Indigenous Australian clan

The Burramattagal, also spelled as Baramadagal, Boromedegal and Parramattagal are one clan of the Darug-Eora people of Indigenous Australians. Their country before colonisation by the British was the area now known as Parramatta in the Sydney region. Their naming is derived from the Darug words for eel (burra), place (matta) and people (gal), ie., people of the place of eels.

==History==
It is believed that the various clans of the Eora and Darug people, including the Burramattagal and their ancestors have been resident in the Sydney basin for up to 10,000 years.
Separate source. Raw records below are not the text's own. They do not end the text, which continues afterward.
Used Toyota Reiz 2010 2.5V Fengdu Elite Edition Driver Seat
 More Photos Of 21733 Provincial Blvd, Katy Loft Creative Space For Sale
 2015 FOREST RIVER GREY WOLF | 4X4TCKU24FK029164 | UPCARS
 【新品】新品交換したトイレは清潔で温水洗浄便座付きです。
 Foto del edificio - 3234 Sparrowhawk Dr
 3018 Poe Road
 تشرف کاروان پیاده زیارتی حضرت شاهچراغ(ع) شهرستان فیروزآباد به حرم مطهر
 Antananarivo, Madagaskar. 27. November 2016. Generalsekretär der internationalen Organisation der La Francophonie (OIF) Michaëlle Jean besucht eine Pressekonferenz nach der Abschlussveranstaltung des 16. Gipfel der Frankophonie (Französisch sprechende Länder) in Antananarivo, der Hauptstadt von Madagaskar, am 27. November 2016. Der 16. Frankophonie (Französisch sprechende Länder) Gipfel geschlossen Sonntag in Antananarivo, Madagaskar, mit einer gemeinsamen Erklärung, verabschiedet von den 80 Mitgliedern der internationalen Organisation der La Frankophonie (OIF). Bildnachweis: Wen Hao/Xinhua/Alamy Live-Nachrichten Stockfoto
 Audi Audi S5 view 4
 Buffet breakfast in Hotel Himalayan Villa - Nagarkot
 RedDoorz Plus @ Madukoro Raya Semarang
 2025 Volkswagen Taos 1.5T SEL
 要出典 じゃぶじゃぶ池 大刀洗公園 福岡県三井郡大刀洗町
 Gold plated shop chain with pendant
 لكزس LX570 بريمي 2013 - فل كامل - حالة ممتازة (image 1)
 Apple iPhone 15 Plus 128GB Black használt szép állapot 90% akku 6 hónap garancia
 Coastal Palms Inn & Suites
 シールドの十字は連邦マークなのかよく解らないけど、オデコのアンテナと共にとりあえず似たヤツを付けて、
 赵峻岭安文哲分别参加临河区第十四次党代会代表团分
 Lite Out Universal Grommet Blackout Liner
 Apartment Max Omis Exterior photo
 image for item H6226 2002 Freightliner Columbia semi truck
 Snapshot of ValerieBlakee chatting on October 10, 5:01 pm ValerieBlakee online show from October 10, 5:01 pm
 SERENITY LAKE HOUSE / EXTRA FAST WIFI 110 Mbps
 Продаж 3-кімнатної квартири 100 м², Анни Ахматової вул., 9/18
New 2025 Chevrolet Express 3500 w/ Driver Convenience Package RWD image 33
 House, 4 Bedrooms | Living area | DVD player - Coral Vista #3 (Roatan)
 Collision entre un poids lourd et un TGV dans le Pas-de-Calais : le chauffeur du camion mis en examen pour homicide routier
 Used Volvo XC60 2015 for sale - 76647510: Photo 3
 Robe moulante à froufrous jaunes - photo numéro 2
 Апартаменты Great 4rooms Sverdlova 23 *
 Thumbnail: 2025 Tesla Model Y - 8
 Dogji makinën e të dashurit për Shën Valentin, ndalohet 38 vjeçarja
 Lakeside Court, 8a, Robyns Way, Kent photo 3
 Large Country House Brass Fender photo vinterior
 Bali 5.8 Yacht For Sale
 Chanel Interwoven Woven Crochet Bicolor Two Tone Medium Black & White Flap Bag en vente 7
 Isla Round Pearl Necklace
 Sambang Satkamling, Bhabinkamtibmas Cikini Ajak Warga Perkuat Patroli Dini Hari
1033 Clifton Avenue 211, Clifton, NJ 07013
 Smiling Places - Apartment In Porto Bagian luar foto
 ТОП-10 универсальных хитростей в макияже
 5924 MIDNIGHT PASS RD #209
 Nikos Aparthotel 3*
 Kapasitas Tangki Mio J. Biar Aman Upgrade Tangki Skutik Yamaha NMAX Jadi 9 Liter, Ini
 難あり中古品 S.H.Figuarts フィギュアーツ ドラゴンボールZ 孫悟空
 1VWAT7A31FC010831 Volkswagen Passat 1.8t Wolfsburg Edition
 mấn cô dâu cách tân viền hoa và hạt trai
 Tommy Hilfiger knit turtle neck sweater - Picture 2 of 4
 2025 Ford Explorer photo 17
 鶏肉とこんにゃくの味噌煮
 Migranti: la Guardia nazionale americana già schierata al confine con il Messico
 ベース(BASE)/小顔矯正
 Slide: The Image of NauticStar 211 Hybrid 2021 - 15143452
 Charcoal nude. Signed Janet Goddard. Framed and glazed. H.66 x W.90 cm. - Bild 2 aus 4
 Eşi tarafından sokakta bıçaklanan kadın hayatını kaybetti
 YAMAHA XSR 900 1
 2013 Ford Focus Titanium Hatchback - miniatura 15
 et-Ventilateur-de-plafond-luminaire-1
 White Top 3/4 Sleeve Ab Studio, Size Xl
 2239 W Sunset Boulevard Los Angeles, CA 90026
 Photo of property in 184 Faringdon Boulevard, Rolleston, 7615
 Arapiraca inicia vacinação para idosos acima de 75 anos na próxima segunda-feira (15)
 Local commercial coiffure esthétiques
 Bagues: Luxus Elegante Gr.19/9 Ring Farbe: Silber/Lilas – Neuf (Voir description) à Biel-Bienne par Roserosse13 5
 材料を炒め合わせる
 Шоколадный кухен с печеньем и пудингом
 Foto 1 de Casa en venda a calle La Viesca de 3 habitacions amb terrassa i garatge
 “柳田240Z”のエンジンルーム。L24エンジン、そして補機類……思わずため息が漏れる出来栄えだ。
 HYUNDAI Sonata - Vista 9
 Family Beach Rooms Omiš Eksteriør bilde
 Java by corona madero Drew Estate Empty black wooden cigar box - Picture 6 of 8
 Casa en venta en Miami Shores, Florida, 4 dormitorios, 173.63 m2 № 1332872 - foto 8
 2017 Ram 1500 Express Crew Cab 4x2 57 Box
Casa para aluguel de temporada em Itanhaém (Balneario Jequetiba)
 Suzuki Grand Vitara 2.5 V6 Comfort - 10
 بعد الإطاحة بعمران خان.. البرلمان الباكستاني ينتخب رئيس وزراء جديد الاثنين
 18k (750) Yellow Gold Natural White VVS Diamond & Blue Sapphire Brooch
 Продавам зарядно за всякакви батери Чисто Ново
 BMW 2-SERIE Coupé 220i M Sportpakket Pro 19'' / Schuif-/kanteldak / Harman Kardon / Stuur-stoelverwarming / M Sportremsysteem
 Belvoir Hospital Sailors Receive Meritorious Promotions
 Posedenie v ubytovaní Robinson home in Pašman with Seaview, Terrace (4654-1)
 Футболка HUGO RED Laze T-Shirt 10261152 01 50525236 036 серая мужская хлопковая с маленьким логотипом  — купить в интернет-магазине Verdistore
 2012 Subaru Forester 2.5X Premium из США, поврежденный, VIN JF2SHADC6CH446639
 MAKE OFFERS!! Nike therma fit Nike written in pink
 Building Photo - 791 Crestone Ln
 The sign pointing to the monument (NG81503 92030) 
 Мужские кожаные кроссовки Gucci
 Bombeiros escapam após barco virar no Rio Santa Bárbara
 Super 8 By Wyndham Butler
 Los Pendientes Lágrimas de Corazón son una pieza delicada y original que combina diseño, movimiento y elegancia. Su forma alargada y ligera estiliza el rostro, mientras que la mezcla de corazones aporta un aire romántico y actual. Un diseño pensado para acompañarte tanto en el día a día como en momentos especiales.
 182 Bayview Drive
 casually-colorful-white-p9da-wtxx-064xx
===British colonisation===
The Burramattagal were rapidly dispossessed of their lands in November 1788 when Governor Arthur Phillip, decided that Parramatta and nearby Rose Hill were ideal locations to establish a military outpost and a farm. The Burramattagal clan at that time consisted mostly of a kinship group headed by an elder named Maugoran. Maugoran and others, including his son Baludarri and young daughter Boorong, were forcibly displaced by the arriving British forces into Wallumettagal country near what is now known as the Ryde region. Maugoran later complained to the colonists "at the number of white men who had settled in his former territories". Governor Phillip, however, dismissed the complaint by saying that "certain it is that wherever our colonists fix themselves, the natives are obliged to leave that part of the country". Phillip also reacted to Maugoran's protest by reinforcing the troops at Rose Hill.

==Notable people==
Maugoran's daughter, Boorong, became an important interpreter between the British and the local Aboriginal people and later was the third wife of Bennelong.

Maugoran's son, Baludarri (also known as Ballooderry), later became closely associated with Governor Phillip, at times living at the Governor's residence at Parramatta. He also acted as a guide for the explorations of Watkin Tench. However, after Baludarri speared a convict in revenge for destroying his canoe, Phillip outlawed him, ordering that he be shot on sight. Baludarri escaped being shot, but died of illness in 1791 during his exile. He was buried in central Sydney, under what is now the site of the Museum of Sydney, with his funeral being organised by Bennelong.

==Legacy==
The title of the city of Parramatta is derived from the Burramattagal's name for the area.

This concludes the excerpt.